As a consequence tactics typically involve hammering home key messages through a process of repetition. That’s why in 2017 the British electorate became so familiar with May’s favourite phrases: “Strong and stable government”, “Labour’s magic money tree”, and “Hard working families”. The problem is that for the audience this “rhetorical carpet bombing” quickly becomes boring.
Over in the commercial world companies have been getting wise to the shortcomings of the rational appeal. The beer company Carlsberg, for example, recently ditched its famous “Probably the best lager in the world” slogan in favour of the rather more nebulous “Danish Pilsner”.
In stark contrast to its predecessor, the phrase “Danish Pilsner” does not appear to be making any claims for the product at all. This is because it’s an “emotional appeal”, a different method of brand communication. Rather than explicitly promote a product’s quality and benefits the aim is simply to make an emotional connection with consumers.
In this case, it is hoped that potential customers will buy into a connection with a particular country. It might not be saying anything, but “Danish” implies qualities – provenance or heritage perhaps – that are popular with consumers, leading them to think positively about the beer.
Basing brand communication on emotional rather than rational appeal is a fairly recent – but highly effective – development. Its strength lies in the fact that it is focused on the consumer rather than than product. It considers the wants and needs of the audience – how they actually think, and most importantly, the way they prefer to receive information.
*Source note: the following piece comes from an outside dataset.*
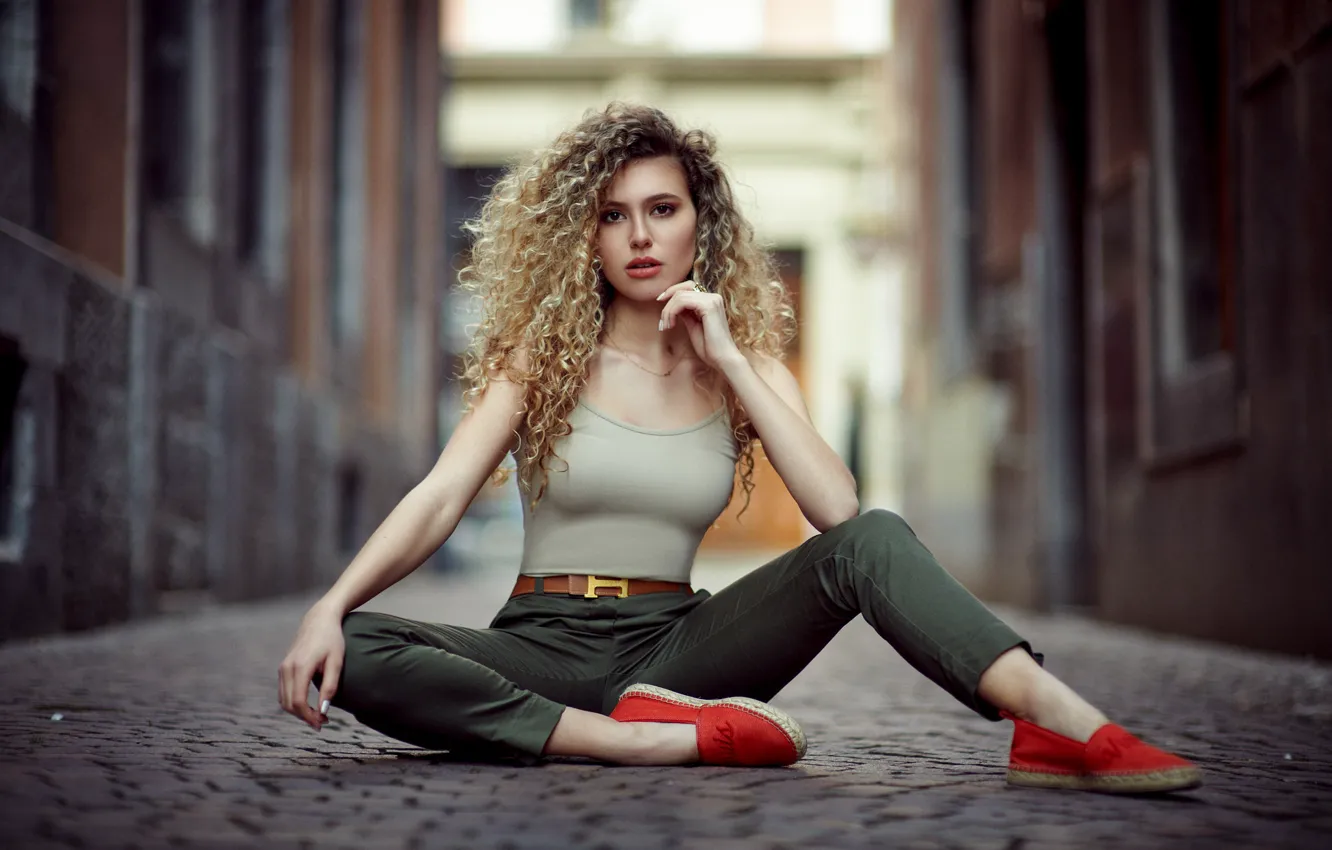 Photo wallpaper girl, pose, street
If we think of a rational appeal as a lecture, then an emotional appeal is more like a story. Stories and storytelling are central to achieving a deep understanding of consumer psychology.
As I set out in my book, The Persuasion Industries, learning through storytelling is more memorable and retrievable than lecture based learning. Forms of communication that are lecture based tend to elicit challenging or argumentative responses.
Conversely, communication with a narrative element tends to encourage vicarious participation on the part of the audience. Whatever you think of him politically, there is no doubting Nigel Farage’s capabilities as a compelling storyteller.
Emotional communication not only influences what people pay attention to, but also channels their thoughts and encourage associations, which in turn guide judgements and simplify decision making. It manages to do this because it requires only “System 1” thinking: an automatic and often unconscious way of thinking that is effortless and demands little or no attention.
With Brexit, Vote Leave’s successful “Take Back Control” campaign was based on emotional appeals. Instead of presenting a rational argument and a list of supporting reasons that voters could either accept or push against, it told a good story and invited people to project their own meaning onto its slogans.
“Emotion-into-action” communication takes place not on the page or screen, but in the mind of the consumer. Phrases such as “Take Back Control” or “Make America Great Again” only resonate once the recipient has decided what it is trying to tell them.
One might just as well ask what is the meaning of “Danish Pilsner” or Nike’s “Just do it”. Ask 100 different people and you’ll get 100 different answers, each one nuanced by their individual hopes, desires, and beliefs.
The temptation for many political strategists is to focus on the creation of messages. But that really is the wrong approach today.
Not only are emotional appeals more effective than messages, but by focusing on rational appeals they are likely to inhibit their chances of success. Ultimately they will also be producing less efficient communication – because the objective should be to influence how people feel, not just what they think.